Summing up his reminiscences of Pulla Reddy’s tenure in the Corporation, Narasimham states that while Pulla Reddy was completely honest and hardworking, he was not suited for work in areas of rapid development. He says that Pulla Reddy’s failure to make a mark as a Commissioner was on account of multiple reasons, including the fact that he did not give his officers enough freedom and that he was often given to wasting his time on matters that did not merit much attention such as anonymous and pseudonymous petitions, offensive speeches made in the Council etc, while pushing important issues behind. All of this in Narasimham’s view resulted in Pulla Reddy being shunted off to Ramnad as Collector after his tenure as Corporation Commissioner ended. It was in ICS terms an “inchoate small district with its headquarters in Madurai outside the district”. Pulla Reddy was so incensed at this that he went on leave.

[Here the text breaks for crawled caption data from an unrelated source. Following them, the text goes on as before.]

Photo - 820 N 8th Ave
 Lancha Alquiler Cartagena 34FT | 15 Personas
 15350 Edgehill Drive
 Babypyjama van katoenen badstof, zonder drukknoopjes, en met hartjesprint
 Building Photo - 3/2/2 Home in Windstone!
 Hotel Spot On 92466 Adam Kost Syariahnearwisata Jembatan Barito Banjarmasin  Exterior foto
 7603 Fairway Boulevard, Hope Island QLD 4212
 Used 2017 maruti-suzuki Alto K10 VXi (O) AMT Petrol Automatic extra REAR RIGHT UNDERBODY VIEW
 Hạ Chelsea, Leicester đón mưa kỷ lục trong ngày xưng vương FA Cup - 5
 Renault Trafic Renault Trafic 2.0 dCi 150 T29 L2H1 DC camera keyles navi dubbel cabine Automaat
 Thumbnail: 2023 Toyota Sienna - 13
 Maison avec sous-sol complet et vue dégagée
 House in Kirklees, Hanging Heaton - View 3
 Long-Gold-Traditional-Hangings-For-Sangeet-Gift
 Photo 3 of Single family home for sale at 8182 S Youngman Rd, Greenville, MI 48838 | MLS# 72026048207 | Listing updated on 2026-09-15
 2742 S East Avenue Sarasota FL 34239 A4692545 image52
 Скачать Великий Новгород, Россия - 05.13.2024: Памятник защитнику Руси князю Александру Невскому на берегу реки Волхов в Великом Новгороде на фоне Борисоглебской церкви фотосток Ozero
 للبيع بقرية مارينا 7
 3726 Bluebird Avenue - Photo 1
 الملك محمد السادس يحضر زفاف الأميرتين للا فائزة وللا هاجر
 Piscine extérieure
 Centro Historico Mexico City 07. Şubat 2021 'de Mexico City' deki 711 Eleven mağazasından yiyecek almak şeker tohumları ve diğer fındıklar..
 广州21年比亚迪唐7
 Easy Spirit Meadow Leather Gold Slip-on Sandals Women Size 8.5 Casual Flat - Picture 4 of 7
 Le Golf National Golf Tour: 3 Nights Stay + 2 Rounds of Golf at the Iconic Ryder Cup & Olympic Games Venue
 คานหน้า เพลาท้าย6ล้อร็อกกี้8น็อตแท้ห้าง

That departure from the Madras Corporation was not without its share of intrigue if Narasimham is to be believed. Having had two extensions as Commissioner, Pulla Reddy was quite fond of stating that he had had enough and would be glad to leave on some other posting. But in reality he was angling for a third extension and almost succeeded in getting it. It was for this reason that while overtly supporting the appointment of JPL Shenoy, ICS as his successor, he covertly resorted to delaying his departure, hoping that his extension would somehow come through in the interim. Shenoy however was no innocent when it came to such manipulations and short-circuited the matter by landing up on the appointed day to take charge. Narasimham must have been indulged in a private joke for it was he who ensured that the major land development in west Madras in the early 1950s was named Shenoy Nagar, with the main thoroughfare being named after Pulla Reddy. The two remain forever in uncomfortable proximity.
While recognising that Narasimham’s account could suffer from bias for whatever reason and could be perception-based, it reiterates the theory that history is often a tale of the victorious, suggesting that there exists a definite possibility for an alternative view of events of the past.